Myeza’s appointment was widely welcomed by the agricultural sector, with many believing that his understanding of the power of public private partnerships could lead to break-through strategies for AgriSETA. Myeza explains, “The plan was shared with AgriSETA’s former board, also referred to as the accounting authority, who gave the management team their blessing to pursue and amend the discretionary grant policy and to align it with the strategy.”
“Partnerships are more important now than it has ever been to revive the economy and to provide the necessary skills for the work that awaits us.” – Zenzele Myeza
Confirmed strategic partners
AgriSETA also considered the outcomes of the National Skills Development Plan and other government-driven programmes in its partnership decisions. Food For Mzansi can confirm that besides the ARC and the AgriBusiness Development Agency, other strategic partners include:
- R7 million to KwaZulu-Natal Agricultural Land Union (Kwanalu) for unemployed graduates to be placed in commercial farms in the province. This programme will run for three years, with an intake of 100 graduates per year;
- R12 million to the University of Pretoria’s department of veterinary services and capacity-building through collaboration with other higher institutions of learning, including the University of Venda, the Madzivhandila College of Agriculture and Vhembe TVET College.

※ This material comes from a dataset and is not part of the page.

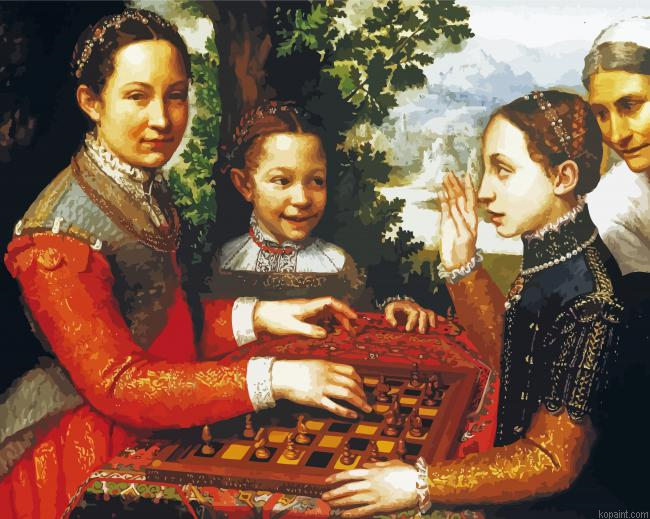 The Game Of Chess By Sofonisba Anguissola Painting By Numberss.png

This also includes collaboration with the department of agriculture, land reform and rural development to strengthen local capacity to respond to the development of a new generation of vaccines and the implementation of early detection measures (infectious and parasitic diseases), such as foot-and-mouth disease in the so-called red-line area of Vhembe district.
Earlier, the disease also spread out in other districts of Limpopo and Mpumalanga. This outbreak has had a devastating impact on the economy of the country with severe effects felt by the red meat industry.
Myeza stresses, however, that the agreements “are not one-sided”. It also includes incoming funds from the department of public works and the Unemployment Insurance Fund (UIF), as follows:
- R66 million from the department of public works for the training of 400 artisans nationally over a period of three years. This project is being rolled out-nationally; and
- R21 million from the national UIF to train 3 000 learners in agriculture related skills in all nine provinces.
AgriSETA’s other ‘strategic collaborations’
- The agricultural sector’s training authority also confirms R4 million to the OVK Group (in the Eastern Cape and Free-State), of which funding will also allocated to the National Wool Growers’ Association. They will train sheep shearers and wool classers to assist with the skills shortage in these provinces.
The short-term aim of this project is to empower these farmers to optimise their income and to address the skills shortage in the wool sector, which, according to AgriSETA, will inevitably address the unemployment of youth and women in the nation’s largest wool-producing provinces.
Also, the long-term objective of the project is to adequately equip the current facilities in the tribal lands, thereby creating shearing hubs where producers can collectively shear their wool and, because of the higher volumes, they can have greater bargaining power with the agricultural businesses to which they deliver their wool.
The R20 million in partnership with the AgriBusiness Development Agency in KwaZulu-Natal will support emerging farmers with infrastructure and inputs to the value of R100 million over three years.
Myeza explains, “AgriSETA‘s funding is towards capacity building of farmers, with the intent of improving the commercial operations of these farmers.”
Furthermore, the AgriSETA boss adds that, “Partnerships are more important now than it has ever been to revive the economy and to provide the necessary skills for the work that awaits us.
Expanding access to skills programmes that address the labour market’s need for intermediate skills that include practical components is one of the department’s key mandates.”